Si le fan de SF se retrouve a priori dans un schéma familier, celui d'une station orbitale aux premiers temps de la conquête spatiale, le propos va très vite s'élever vers des hauteurs tout aussi orbitales. Mettant en parallèle la condition privilégiée de l'Orbital Park et celle bien moins enviable de la Terre aux prises avec un ultra libéralisme outrancier, Hendrix se hasarde sur le thème de l'utopie. Un thème qu'il va tenter d'explorer à fond en tirant tout le parti possible de sa double casquette de scientifique et de littéraire.
De bonnes idées noyées sous les mots et les effets de style...
Si au niveau de la trame narrative on sent la tentation John Brunner, c'est sans doute à Greg Egan que l'on pense le plus. Une sorte de Greg Egan littéraire, avec tout ce que ça comprend ! On se perd facilement dans les longues digressions épistémologiques. Entre PIQs, RATs, VAJRA, CONFORT, SDIQs, on croule sous les acronymes. Si les problématiques sont pertinentes, elles sont souvent noyées dans un verbiage pas toujours utile à la progression du récit. A tel point qu'on a la très nette impression de consulter le catalogue des angoisses de l'auteur. Débordé par ses propres doutes il nous livre le fruit érudit de ses cogitations, et on a parfois l'impression de se trouver dans le cabinet d'un psy new-yorkais qui ressemblerait à Woody Allen. Une crise de la quarantaine qui se focalise sur des questions d'ordre général, telles que l'environnement, l'avenir de l'homme…bref on cause meaning of life ! Certes c'est bien fait, érudit, documenté, mais pour tout dire - soyons franc - c'est un peu chiant.

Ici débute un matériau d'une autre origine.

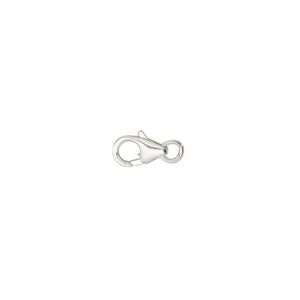 Clasp, lobster claw, sterling silver and steel, 8x5mm with jump ring. Sold per pkg of 10.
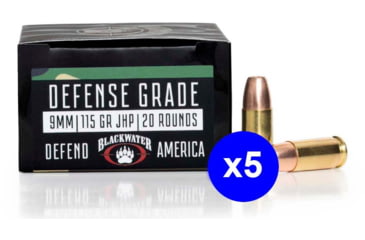 Image of Blackwater Ammunition Defense Grade 9mm 9mm 115 Grain Jacketed Hollow Point Brass Cased Centerfire Pistol Ammo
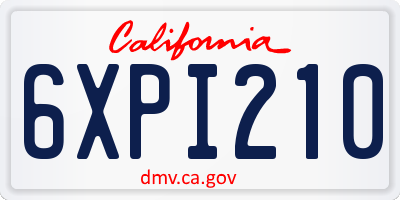 CA license plate 6XPI210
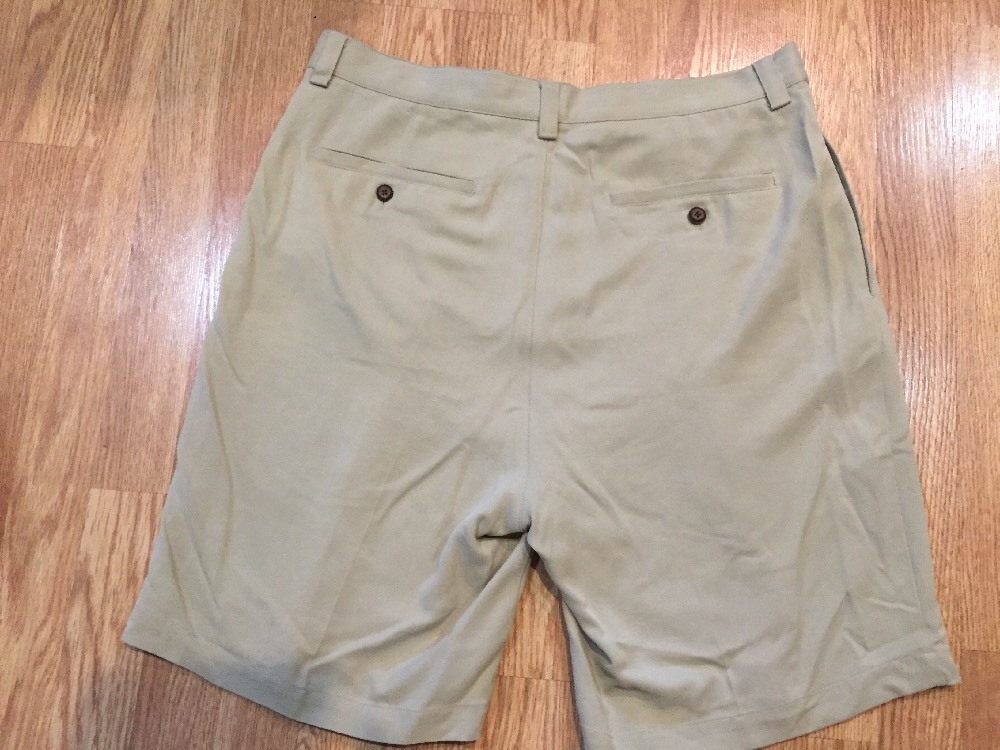 Men's Tommy Bahama 35 Khaki Pleated Silk Shorts. Inse… Gem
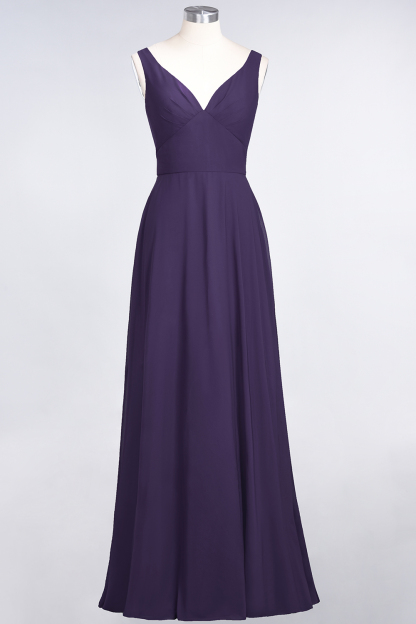 BMbridal Chic Chiffon V-Neck Straps Ruffle Affordable Bridesmaid Dresses with Open Back-BMbridal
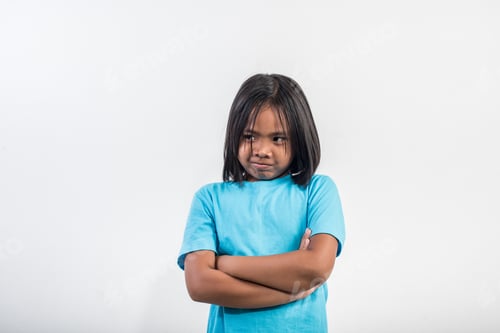 Preview: little girl feel angry in studio shot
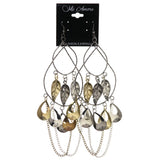 Leaf Dangle-Earrings Silver-Tone & Gold-Tone Colored #LQE3685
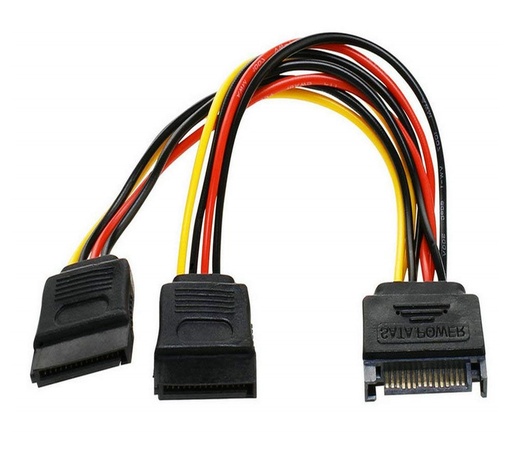 [9341756005439] 8Ware HDD SATA Power Splitter Y Cable Adapter 15cm 1x 15-pin to 2x 15-pin Male to Female 1 to 2 Extension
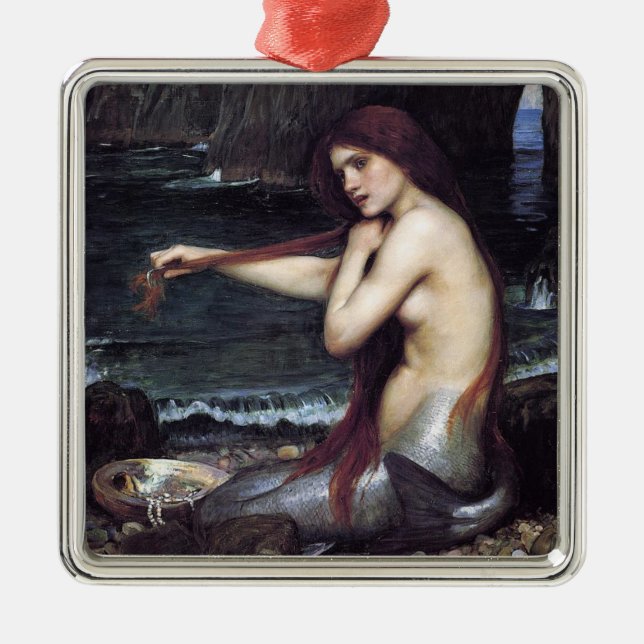 Meerjungfrau am Strand Ornament Aus Metall (Vorne)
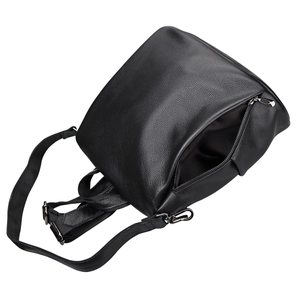 Close-up of black pebble grain leather backpack with side zipper detail and silver hardware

On s'agace au final du grave déficit dramaturgique de l'ensemble, et surtout on le déplore. Car si l'intrigue ne s'emballe guère qu'au dernier tiers du bouquin, une fois que l'affaire est enclenchée on sent tout le potentiel gâché par ce long préambule. Dès que les choses se mettent enfin en mouvement, Hendrix fait montre d'un vrai sens du rythme, et on retrouve dans son histoire la même ambition que celle qui habite ses précédentes digressions. Si les 200 premières pages ressemblent parfois à un chemin de croix, on dévore littéralement les derniers chapitres, porté par une dimension du récit qui pourrait bien être la marque d'un grand auteur.
Deux suites...
Ecrit à l'origine comme un "one shot", Orbital Park a déjà connu deux suites qui forment Outre-atlantique la série du Tetragrammaton. Suites qui, avouez tout de même que la vie est bien faite, sont à paraître prochainement aux Editions Payot. Des suites à suivre, car si Howard Hendrix a suffisamment exorcisé ses petits démons domestiques, on pourrait bien se retrouver en présence d'un futur Franck Herbert. Vous dire donc si Orbital Park mérite sa chance, même s'il est à réserver aux lecteurs chevronnés.